**Data extract**
========

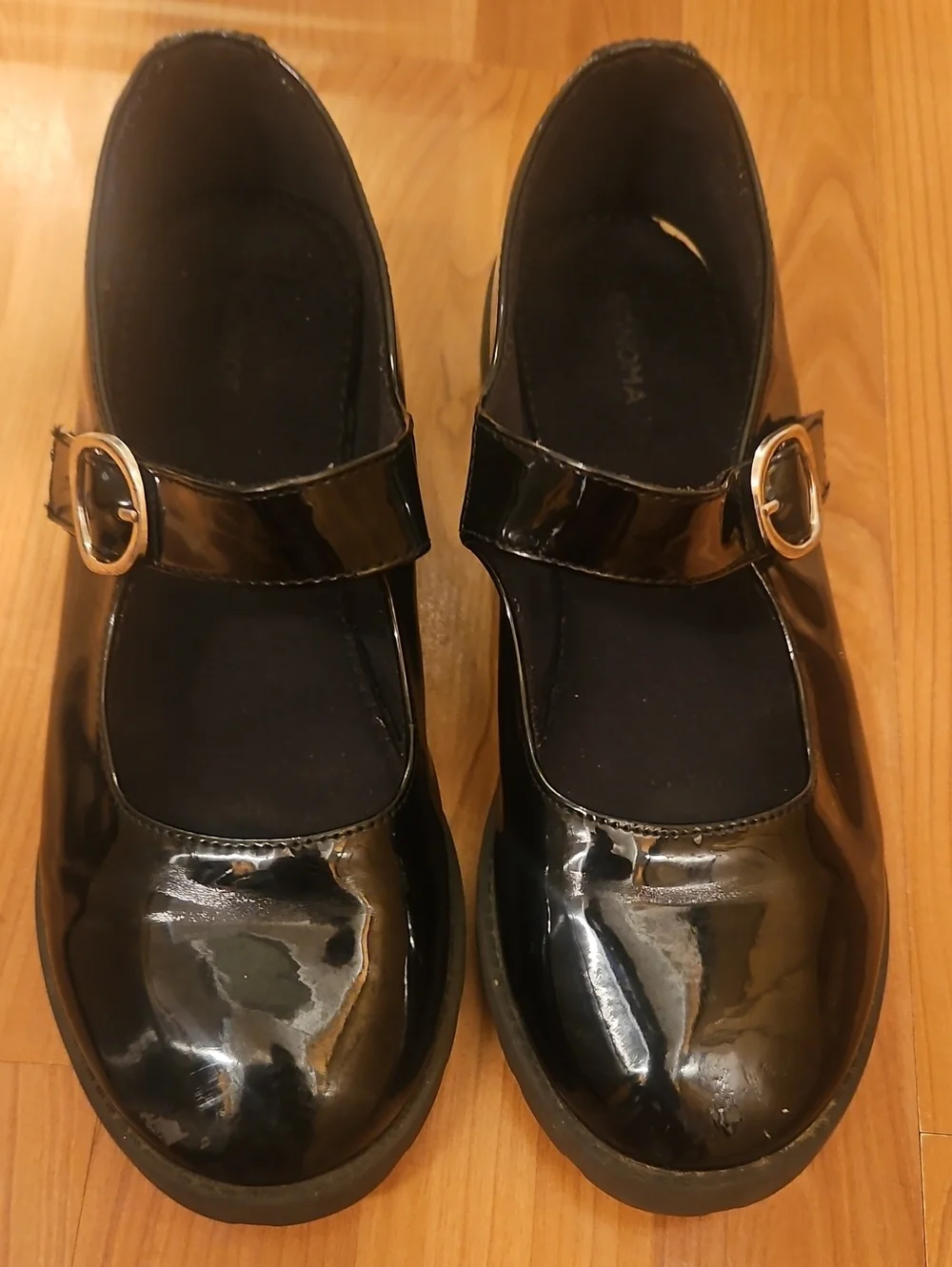 Sonoma Black Patent Mary Jane Girls' Dress Shoes with Gold Buckle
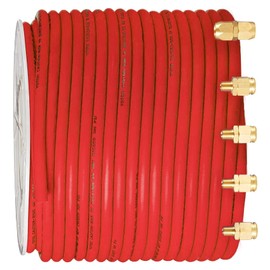 YOTOO Hybrid Air Hose 3/8-Inch by 250-Feet 300 PSI Heavy Duty, Lightweight, Kink Resistant, All-Weather Flexibility with 5pcs Solid Brass Repair Fittings, Red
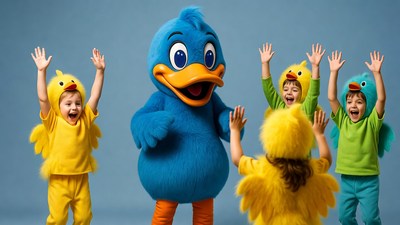 Children with Blue Duck Costume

========

Only the pictures are to be dropped; the rest of the material above must be duplicated exactly.

**Written response**
 Sonoma Black Patent Mary Jane Girls' Dress Shoes with Gold Buckle
 YOTOO Hybrid Air Hose 3/8-Inch by 250-Feet 300 PSI Heavy Duty, Lightweight, Kink Resistant, All-Weather Flexibility with 5pcs Solid Brass Repair Fittings, Red
 Children with Blue Duck Costume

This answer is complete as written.